Exercise requirements.
Nothing but the pictures should be left out when the entries below are duplicated.
--------------------------------
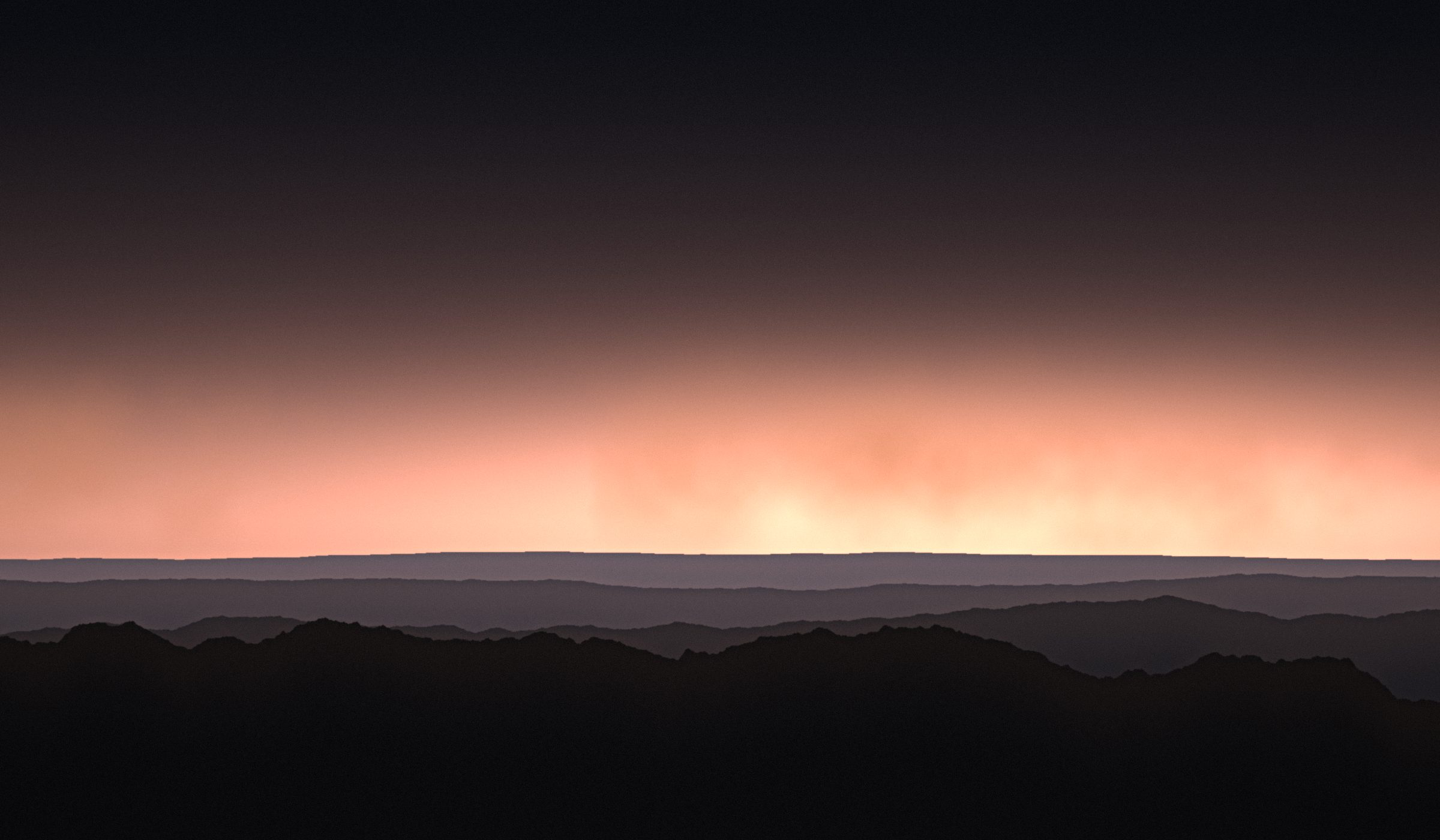 Crete au crepuscule, derniere lumiere sur l'horizon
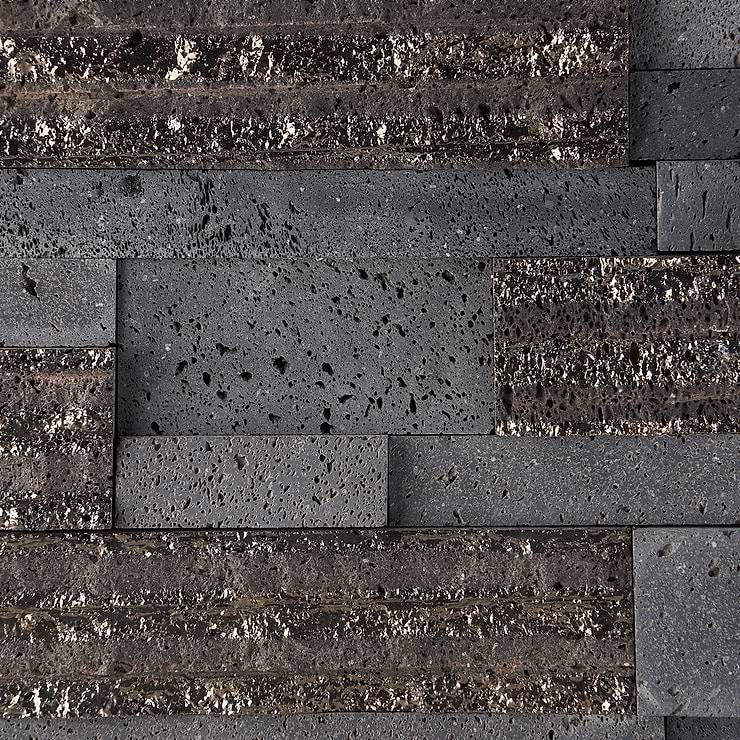 StackStone 3D Steel Gray Marble Ledger Panel Mosaic Wall Tile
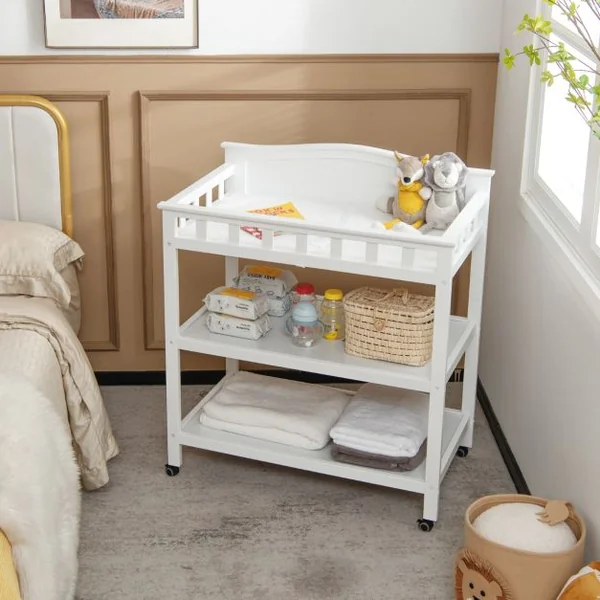 Table à Langer Roulante en Bois avec 2 Étagères Ouvertes Charge 15 KG Commode à Langer avec Matelas Imperméable Blanc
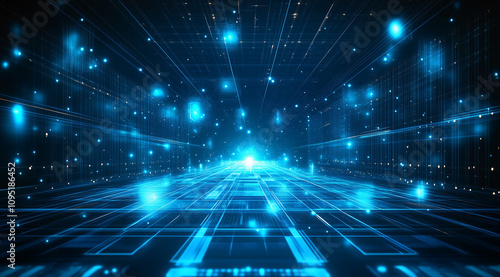 Wallpaper Mural Blue background with glowing lines and blocks for technology concept vector presentation design template. Abstract blue gradient background vector illustration, high-resolution photography, in the sty Torontodigital.ca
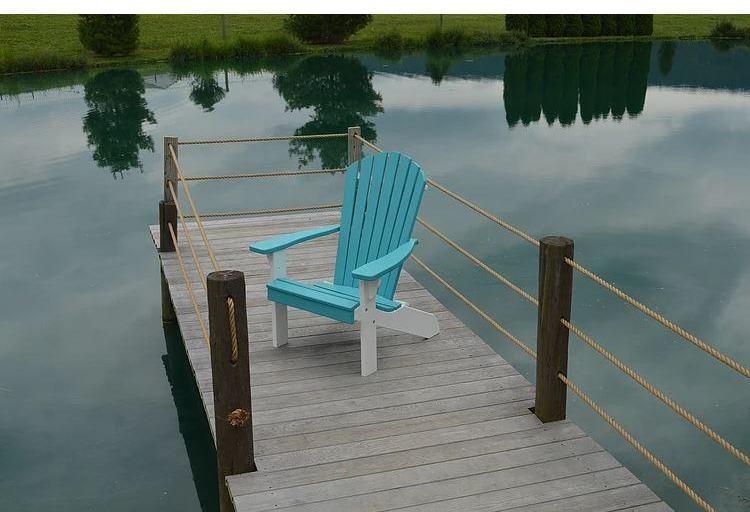 A & L Furniture Co. Amish Made Poly Fanback Adirondack Chair w/White Frame  - Ships FREE in 5-7 Business days - Rocking Furniture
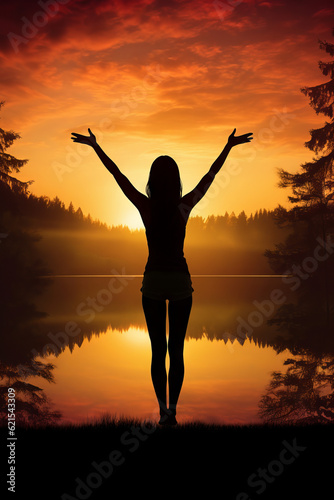 Silhouette of woman practicing mediation in beautiful landscape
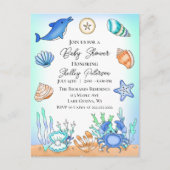 Niedlich Blue Seaside Beachy Baby Dusche Einladung Postkarte (Vorderseite)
--------------------------------
Solution for this exercise.
 Crete au crepuscule, derniere lumiere sur l'horizon
 StackStone 3D Steel Gray Marble Ledger Panel Mosaic Wall Tile
 Table à Langer Roulante en Bois avec 2 Étagères Ouvertes Charge 15 KG Commode à Langer avec Matelas Imperméable Blanc
 Wallpaper Mural Blue background with glowing lines and blocks for technology concept vector presentation design template. Abstract blue gradient background vector illustration, high-resolution photography, in the sty Torontodigital.ca
 A & L Furniture Co. Amish Made Poly Fanback Adirondack Chair w/White Frame  - Ships FREE in 5-7 Business days - Rocking Furniture
 Silhouette of woman practicing mediation in beautiful landscape
 Niedlich Blue Seaside Beachy Baby Dusche Einladung Postkarte (Vorderseite)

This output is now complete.